More on image registration

You can register images using the DLCS portal or via the DLCS API. The latter is more likely for systems integration, the former is useful for experiments or small numbers of images.

The DLCS needs to “see” your image during the registration process, but it does not store your master image once registered. You can either provide the bytes of the image directly [1], or (more commonly) provide an origin endpoint from which the DLCS can fetch your image. The origin could be a http(s) URL, an Amazon S3 URL, or an FTP URL, with other protocols to follow.
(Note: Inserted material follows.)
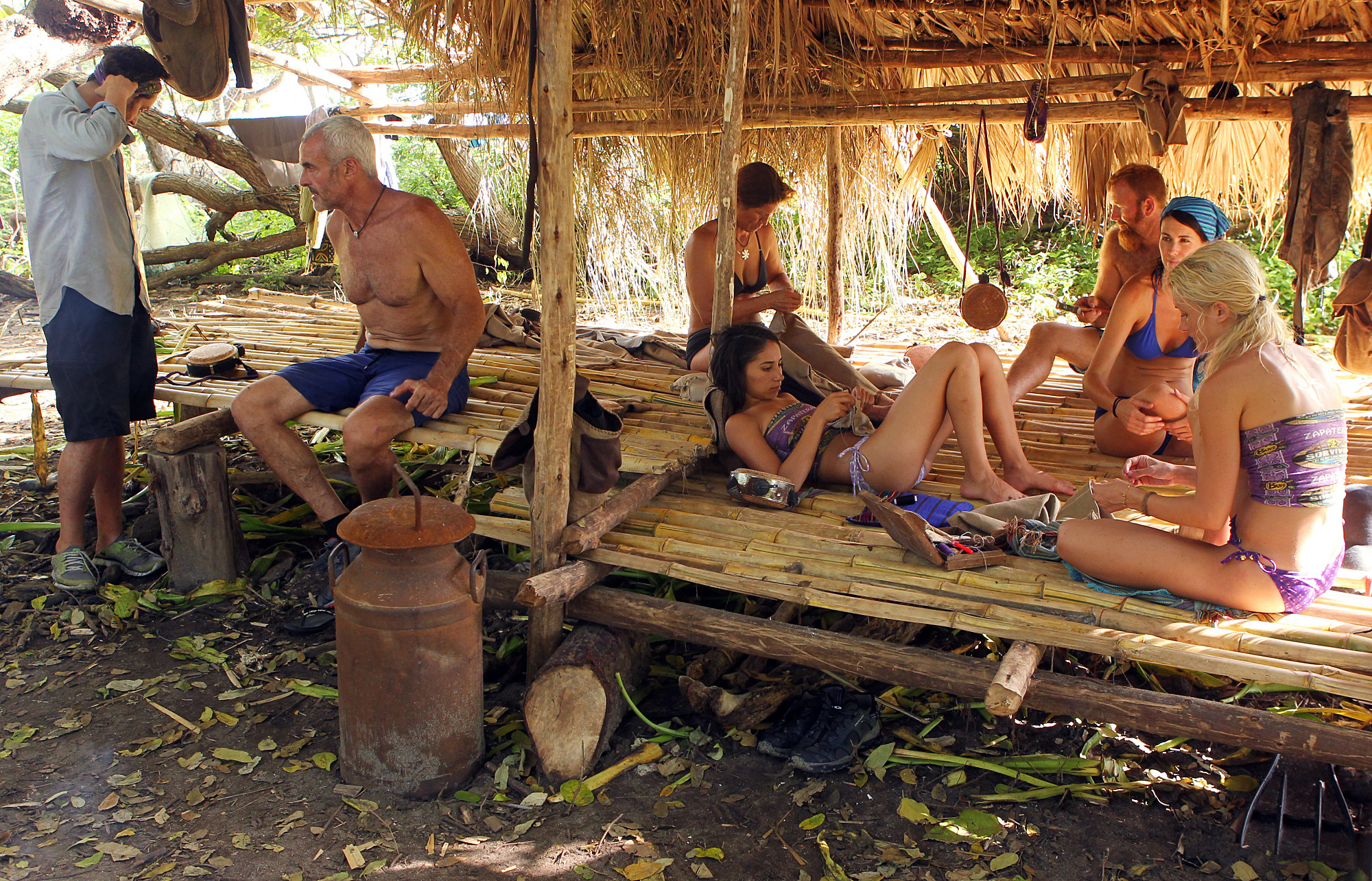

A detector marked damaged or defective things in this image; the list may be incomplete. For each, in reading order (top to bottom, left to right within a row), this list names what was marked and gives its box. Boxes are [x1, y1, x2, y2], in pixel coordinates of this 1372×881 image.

rusty metal milk can [332, 489, 488, 796]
If the origin images are access-controlled, you can tell the DLCS how to authenticate against your origin so that it can see your source images (see originStrategy). Once registered, the DLCS does not require that you maintain the origin endpoint indefinitely as it does not need to access the origin endpoint at run time.

Every registered image results in an autonomous service that does not depend on the existence of any other images or services. Images are independent of each other. However, the DLCS provides ways to manage very large numbers of images together - spaces and image metadata.

The DLCS allows you to partition your registered images into spaces - each customer can have as many spaces as required. You can have different default settings and policies for different spaces. Within a space, images must have unique IDs. You can supply your own IDs, so that the DLCS record matches that used in your system, or you can let the DLCS assign an ID. If you supply an ID it must conform to https://tools.ietf.org/html/rfc3986#section-2 so that it can be used in the URL the DLCS provides for your image service. (clarify exactly what constraints and whether DLCS encodes for you etc).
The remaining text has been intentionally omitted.